Force Touch uses tiny electrodes to distinguish between a light tap or deep press on the screen, prompting the software to perform a different action depending on how much pressure is exerted on the display. Apple would likely have to use a flexible OLED display on a future iPhone model in order for Force Touch to be possible on the smartphone. Apple calls Force Touch its most significant new sensing capability since Multi-Touch on its Apple Watch microsite.
"In addition to recognizing touch, Apple Watch senses force, adding a new dimension to the user interface. Force Touch uses tiny electrodes around the flexible Retina display to distinguish between a light tap and a deep press, and trigger instant access to a range of contextually specific controls — such as an action menu in Messages, or a mode that allows you to select different watch faces — whenever you want. It’s the most significant new sensing capability since Multi‑Touch."Apple reportedly experimented with adding Force Touch to the iPhone 6 and iPhone 6 Plus last year, although calibration issues resulted in removal of the feature prior to the smartphones being released. The issues appear to have been resolved at this point, however, and Force Touch is now on Apple's upcoming roadmap. The so-called "iPhone 6s" and "iPhone 6s Plus" will presumably be announced next September.
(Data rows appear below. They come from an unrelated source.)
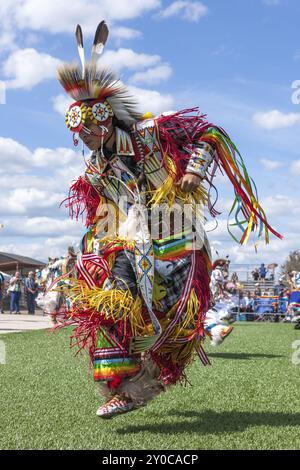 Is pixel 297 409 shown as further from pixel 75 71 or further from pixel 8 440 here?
pixel 75 71

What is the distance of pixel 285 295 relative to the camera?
851 inches

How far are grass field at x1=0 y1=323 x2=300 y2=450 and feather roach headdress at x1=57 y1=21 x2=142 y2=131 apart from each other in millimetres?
1811

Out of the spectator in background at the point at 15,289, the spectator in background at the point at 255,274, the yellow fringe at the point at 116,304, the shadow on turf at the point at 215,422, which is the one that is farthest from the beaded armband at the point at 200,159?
the spectator in background at the point at 255,274

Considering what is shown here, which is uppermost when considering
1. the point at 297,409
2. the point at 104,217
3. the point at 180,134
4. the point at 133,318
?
the point at 180,134

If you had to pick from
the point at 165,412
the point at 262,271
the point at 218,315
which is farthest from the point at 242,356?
the point at 262,271

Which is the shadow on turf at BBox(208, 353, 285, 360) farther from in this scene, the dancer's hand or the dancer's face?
the dancer's face

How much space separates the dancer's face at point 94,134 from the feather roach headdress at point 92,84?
0.05 meters

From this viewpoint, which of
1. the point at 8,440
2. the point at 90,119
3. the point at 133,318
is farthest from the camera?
the point at 90,119

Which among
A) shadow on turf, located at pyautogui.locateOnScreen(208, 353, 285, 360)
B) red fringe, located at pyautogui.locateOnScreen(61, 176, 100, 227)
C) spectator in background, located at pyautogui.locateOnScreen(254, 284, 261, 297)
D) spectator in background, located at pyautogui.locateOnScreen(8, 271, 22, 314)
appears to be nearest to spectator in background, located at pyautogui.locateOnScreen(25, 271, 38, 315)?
spectator in background, located at pyautogui.locateOnScreen(8, 271, 22, 314)

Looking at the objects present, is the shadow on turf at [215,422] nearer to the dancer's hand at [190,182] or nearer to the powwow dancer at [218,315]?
the dancer's hand at [190,182]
The report also dismisses the rumor about next-generation iPhones gaining a DSLR-like dual-lens camera system, as implementing this feature would require redesigning the iPhone and moving away from the current chassis found on the iPhone 6 and iPhone 6 Plus. Last month, it was reported that the iPhone 6s will retain an 8-megapixel rear-facing camera sensor, although that does not limit other improvements from being made.
It was also rumored in January that the iPhone 6s will gain Force Touch and 2GB of RAM.